[The data Boundary: Start]

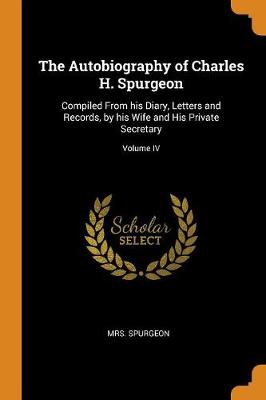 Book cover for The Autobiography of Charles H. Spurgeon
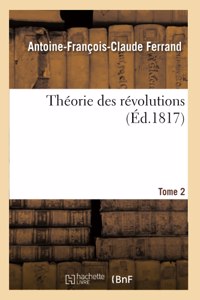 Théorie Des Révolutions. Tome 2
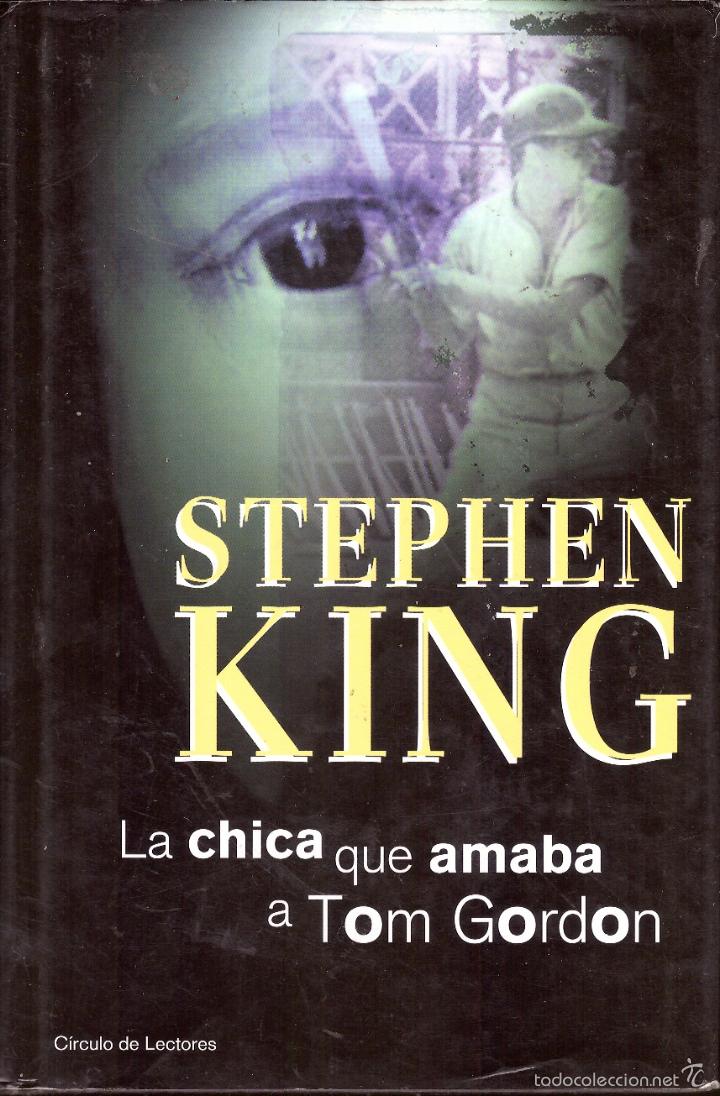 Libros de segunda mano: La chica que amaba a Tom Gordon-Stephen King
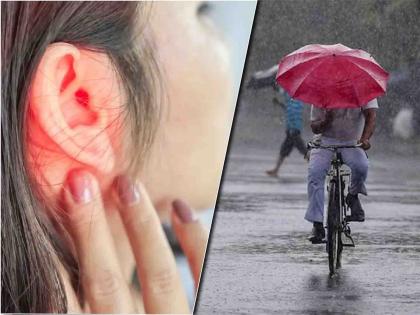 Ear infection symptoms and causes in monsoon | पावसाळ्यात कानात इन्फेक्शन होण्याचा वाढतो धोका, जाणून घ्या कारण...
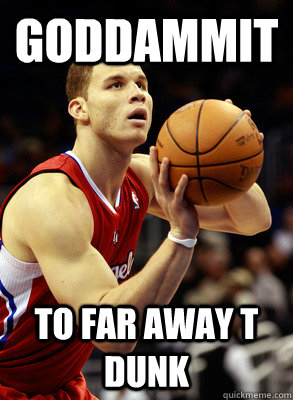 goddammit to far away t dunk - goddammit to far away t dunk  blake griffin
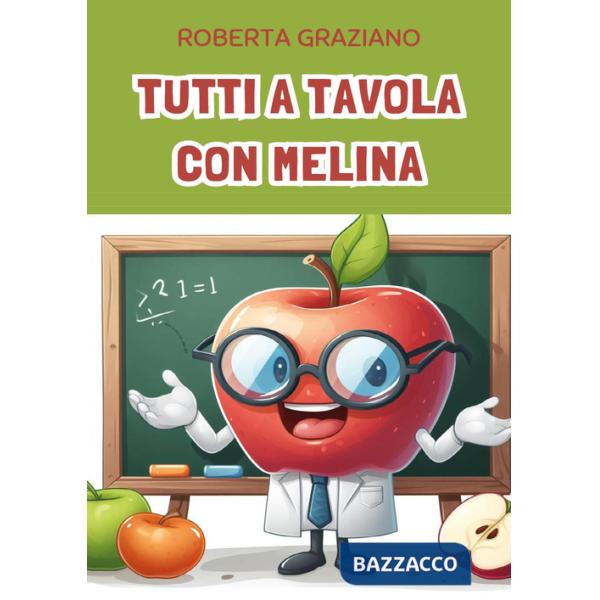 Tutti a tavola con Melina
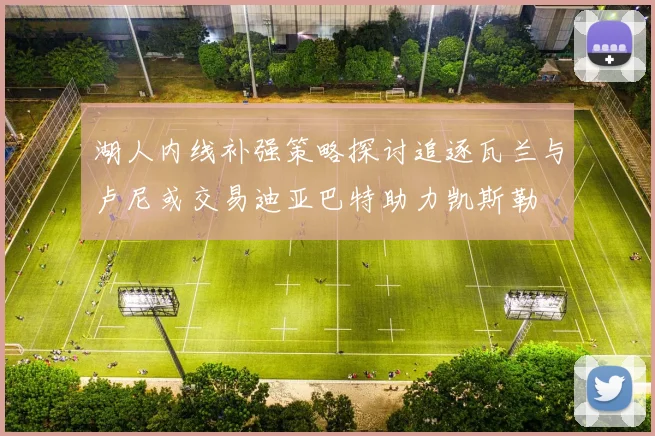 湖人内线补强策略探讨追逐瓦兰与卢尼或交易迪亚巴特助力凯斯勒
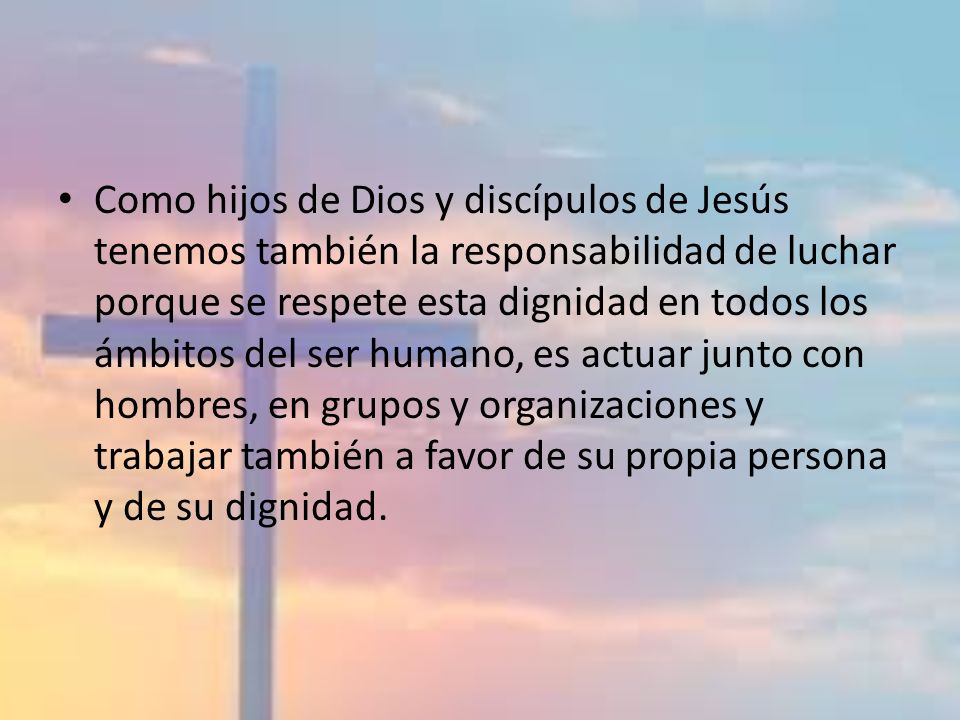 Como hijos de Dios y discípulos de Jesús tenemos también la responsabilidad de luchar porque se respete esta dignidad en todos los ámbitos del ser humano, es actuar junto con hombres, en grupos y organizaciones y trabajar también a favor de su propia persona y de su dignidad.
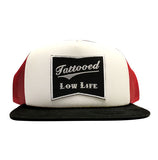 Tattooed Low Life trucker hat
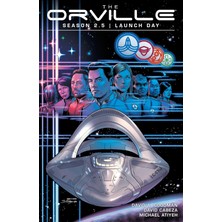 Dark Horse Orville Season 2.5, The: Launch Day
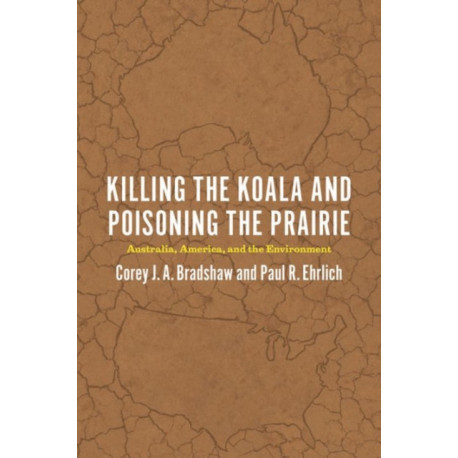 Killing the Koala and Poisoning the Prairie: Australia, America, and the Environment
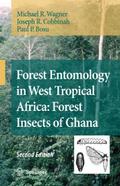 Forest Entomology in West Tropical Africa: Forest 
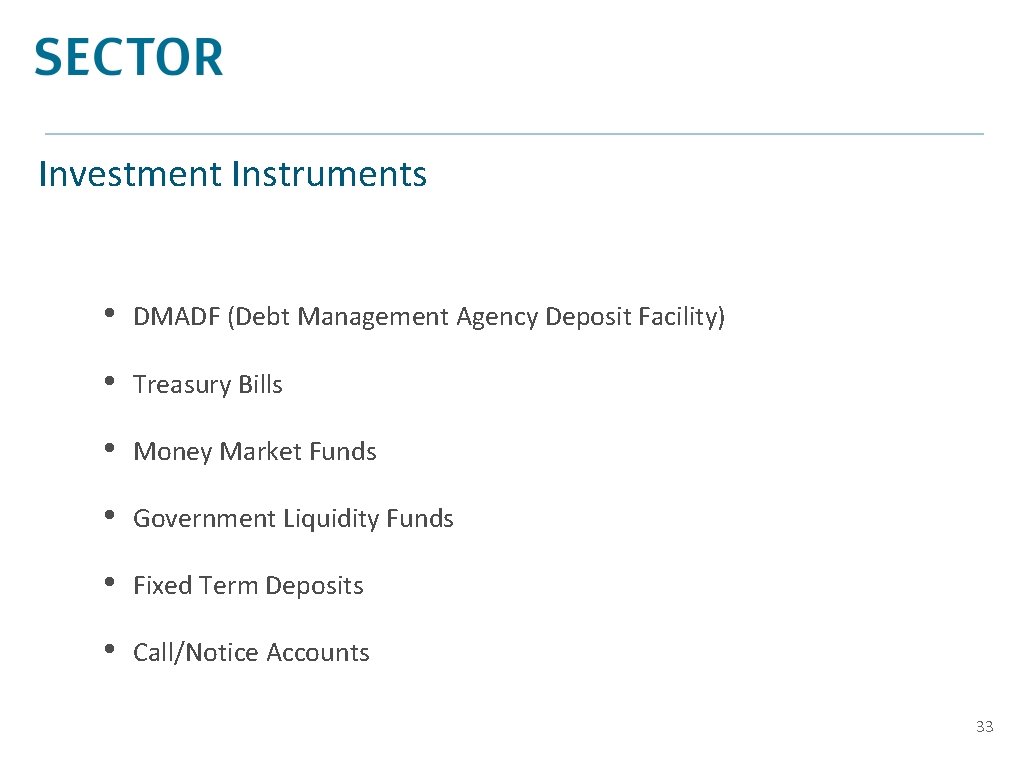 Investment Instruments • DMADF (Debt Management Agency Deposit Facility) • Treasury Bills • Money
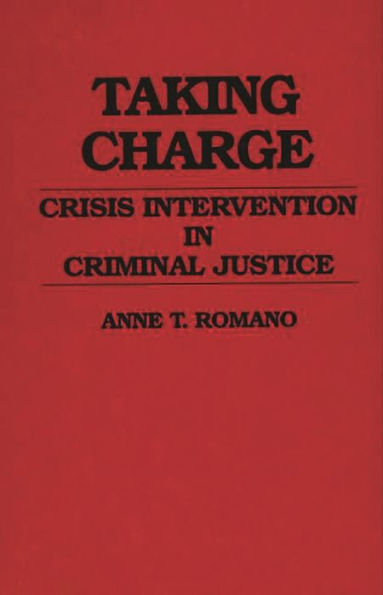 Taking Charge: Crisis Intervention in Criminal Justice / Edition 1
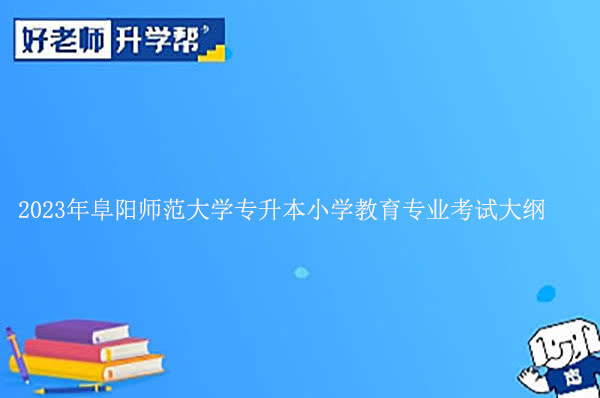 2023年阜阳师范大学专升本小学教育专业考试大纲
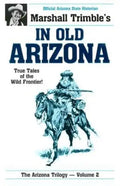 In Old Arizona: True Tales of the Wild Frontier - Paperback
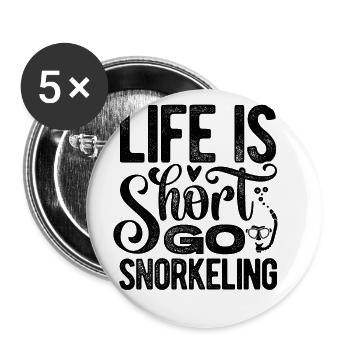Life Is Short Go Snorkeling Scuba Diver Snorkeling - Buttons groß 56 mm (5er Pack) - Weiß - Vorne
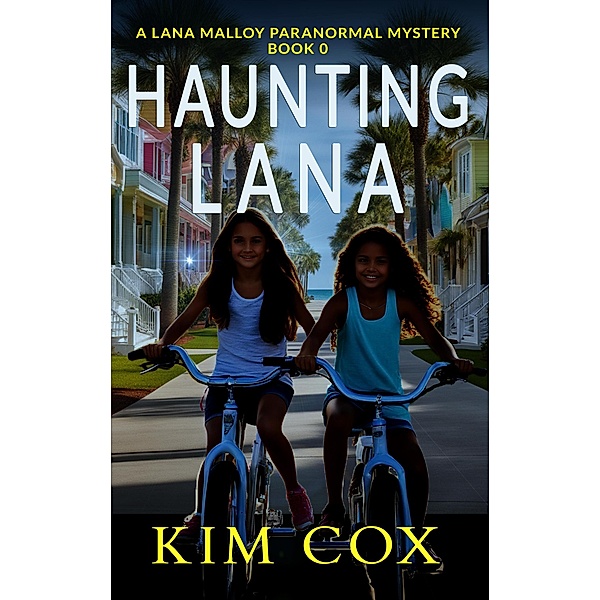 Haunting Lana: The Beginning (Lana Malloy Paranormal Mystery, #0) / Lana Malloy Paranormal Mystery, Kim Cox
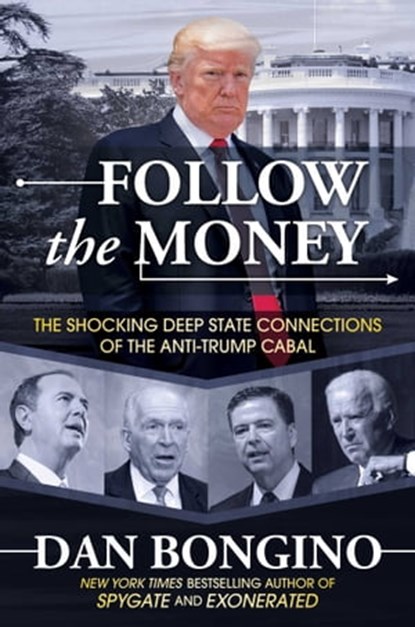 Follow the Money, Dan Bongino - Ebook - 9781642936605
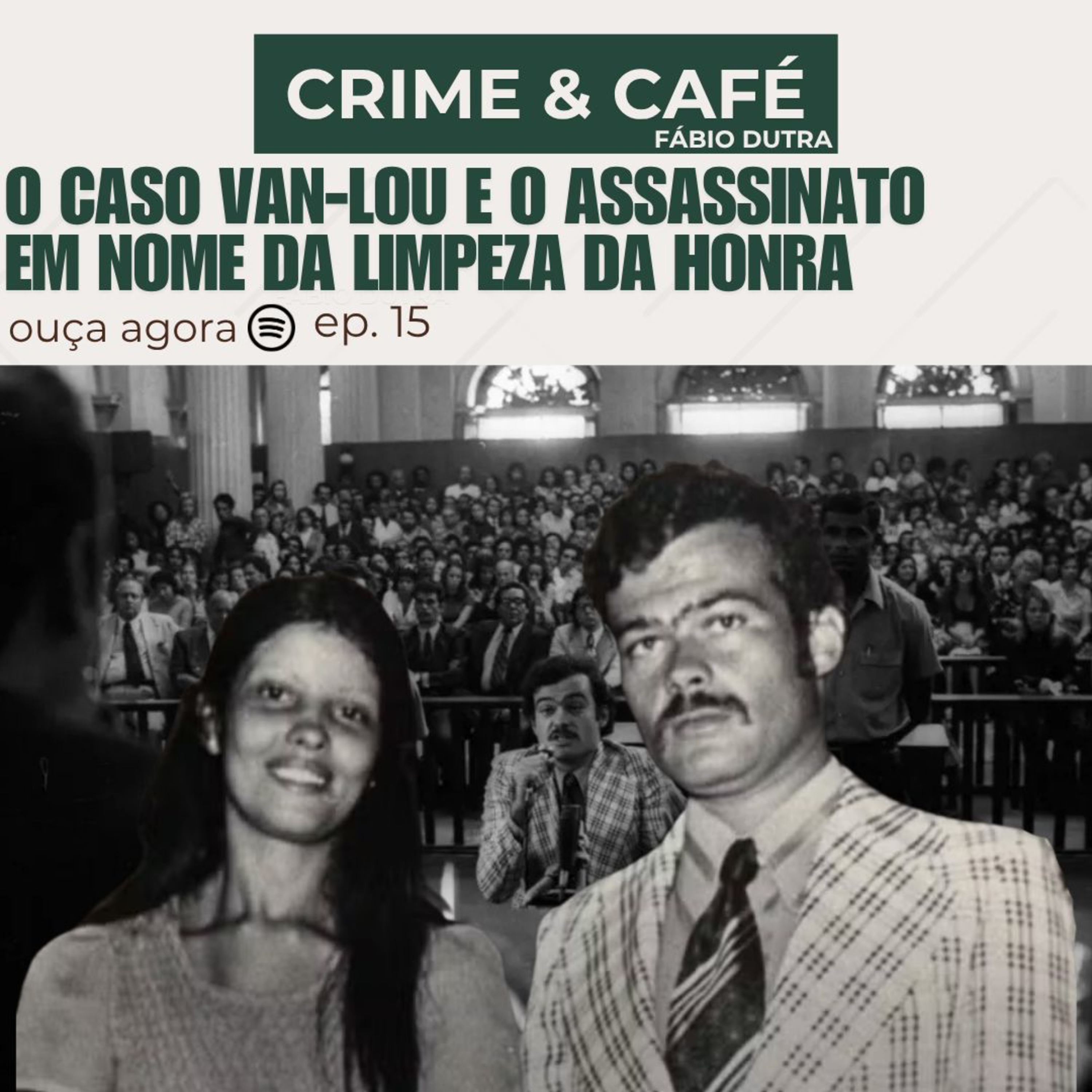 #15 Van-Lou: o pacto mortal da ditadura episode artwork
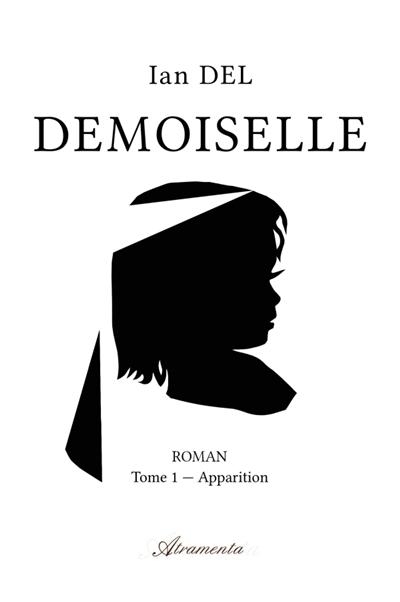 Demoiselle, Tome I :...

[The data Boundary: End]

Required action
A verbatim copy of every record is required, with all pictures excluded.

Written answer
 Book cover for The Autobiography of Charles H. Spurgeon
 Théorie Des Révolutions. Tome 2
 Libros de segunda mano: La chica que amaba a Tom Gordon-Stephen King
 Ear infection symptoms and causes in monsoon | पावसाळ्यात कानात इन्फेक्शन होण्याचा वाढतो धोका, जाणून घ्या कारण...
 goddammit to far away t dunk - goddammit to far away t dunk  blake griffin
 Tutti a tavola con Melina
 湖人内线补强策略探讨追逐瓦兰与卢尼或交易迪亚巴特助力凯斯勒
 Como hijos de Dios y discípulos de Jesús tenemos también la responsabilidad de luchar porque se respete esta dignidad en todos los ámbitos del ser humano, es actuar junto con hombres, en grupos y organizaciones y trabajar también a favor de su propia persona y de su dignidad.
 Tattooed Low Life trucker hat
 Dark Horse Orville Season 2.5, The: Launch Day
 Killing the Koala and Poisoning the Prairie: Australia, America, and the Environment
 Forest Entomology in West Tropical Africa: Forest 
 Investment Instruments • DMADF (Debt Management Agency Deposit Facility) • Treasury Bills • Money
 Taking Charge: Crisis Intervention in Criminal Justice / Edition 1
 2023年阜阳师范大学专升本小学教育专业考试大纲
 In Old Arizona: True Tales of the Wild Frontier - Paperback
Life Is Short Go Snorkeling Scuba Diver Snorkeling - Buttons groß 56 mm (5er Pack) - Weiß - Vorne
 Haunting Lana: The Beginning (Lana Malloy Paranormal Mystery, #0) / Lana Malloy Paranormal Mystery, Kim Cox
 Follow the Money, Dan Bongino - Ebook - 9781642936605
 #15 Van-Lou: o pacto mortal da ditadura episode artwork
 Demoiselle, Tome I :...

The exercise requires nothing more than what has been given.